Ik weet het nog precies. Vier jaar was ik. Ik zat voor het eerst in de kring. Meekijkdag. Ik hoefde nog niets te zeggen. En dus deed ik wat ik kon: tellen (tot tien) en opmerken.

Wat ik ontdekte? Het aantal vragen dat gesteld werd pastte op mijn vingers. Het aantal kinderen in de klas niet. Er werden dus minder vragen gesteld dan er kinderen waren. En, zo was mijn conclusie, is het logischerwijs aan de juf om de beurten eerlijk te verdelen. En dus hoefde ik niet wanhopig telkens mijn vinger op te steken. Ik kon rustig aan doen en lekker luisteren.

Zo zat ik de jaren erna rustig in de kring. Niet bewust van wat ik miste. Ik werd regelmatig aangesproken, één-op-één. Voor mij klopte dat. Tot ik in de zesde klas zat. En ineens het label verlegen kreeg. Of eigenlijk had ik die al die jaren al in mijn dossier gehad maar kwam ik er nu pas achter omdat het mee ging spelen in mijn keuze voor het voortgezet onderwijs.

De vraag die de docent zich stelde was; waar kon ik het meest op mijn gemak zijn? Moest ik – ondanks een hoge cito score- wellicht met mijn vriendinnen naar de mavo mee, zodat ik wat steun aan hen had?

Waarom er ondertussen acht jaar lang in mijn dossier had gestaan: “zegt niks in de groep maar reageert goed op individuele vragen”, leek niemand relevant te vinden. Geen docent had me uitgenodigd om te oefenen, of de spelregels helder gemaakt. Als ik als jong kind had geweten wat het doel van de kring was (praten? oefenen? leren beurt nemen? contact maken? ) had ik misschien iets heel anders gedaan. Nu was het een uitwisseling van wat je in het weekend gedaan had. Boeiend om naar te luisteren vond ik het vooral. Maar als ik het had geweten, als iemand me

En omdat de docenten me wilden beschermen tegen mogelijke rotgevoelens voortkomend uit wat zij dachten dat verlegenheid was, kreeg ik ook geen uitnodigingen tot aanwezigheid. Hoefde niet voor de klas te komen, sprak zelden meer dan twee zinnen achter elkaar. Zelfs de voorleesbeurten werden bij mij snel aan een ander doorgegeven.

Rond mijn achttiende (ik zat inmiddels op het HBO) moest ik voor het eerst een presentatie geven voor de klas. Ik wist zéker dat ik dit niet kon. Dat ik zou flauwvallen. Dat het licht zou worden in mijn hoofd, en donker voor mijn ogen.
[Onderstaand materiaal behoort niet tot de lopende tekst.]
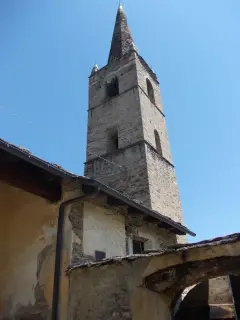 Campanile - Ex Parrocchiale dell' Assunta a MacraFrazione Serremorello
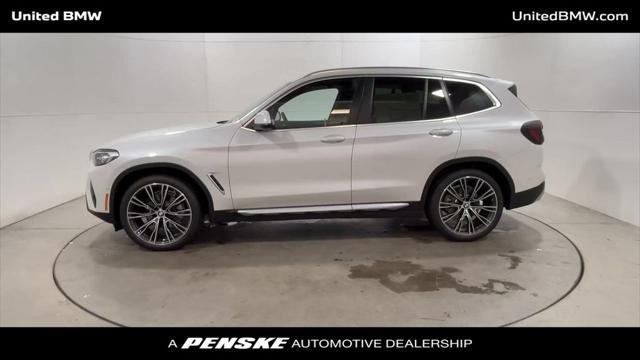 new 2024 BMW X3 car, priced at $58,135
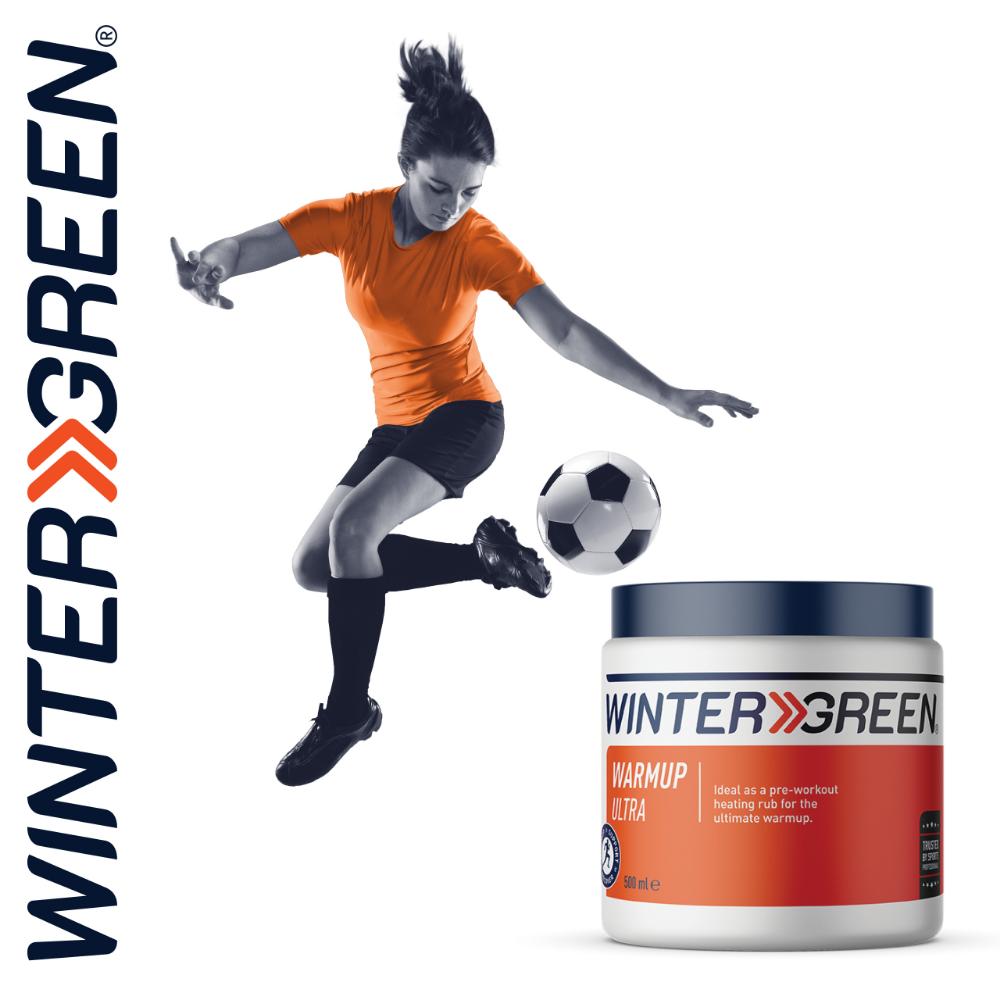 Wintergreen Warmup Ultra
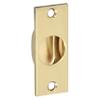 National Hardware N115-907 V143 Edge Pull in Brass view 1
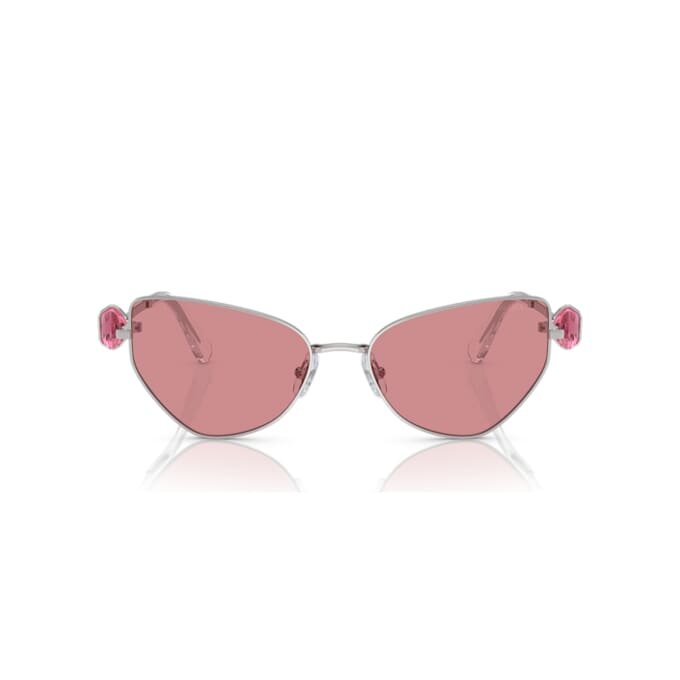 Ochelari de soare în formă de ochi de pisică, Sk7003, roz Ochelari de soare în formă de ochi de pisică, Sk7003, roz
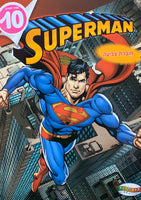 חוברת צביעה -סופרמן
De docent, die van een andere opleiding afkomstig was en mijn dossier niet gelezen had, geloofde me niet. Hij liet me het gewoon doen. En ik bleek niet flauw te vallen. Sterker nog: ik bleek het best leuk te vinden voor de groep. En de zenuwen die ik had? Daar zagen anderen helemaal niets van. Een jaar later begon ik aan de lerarenopleiding en voor ik het wist stond ik standaard voor de groep.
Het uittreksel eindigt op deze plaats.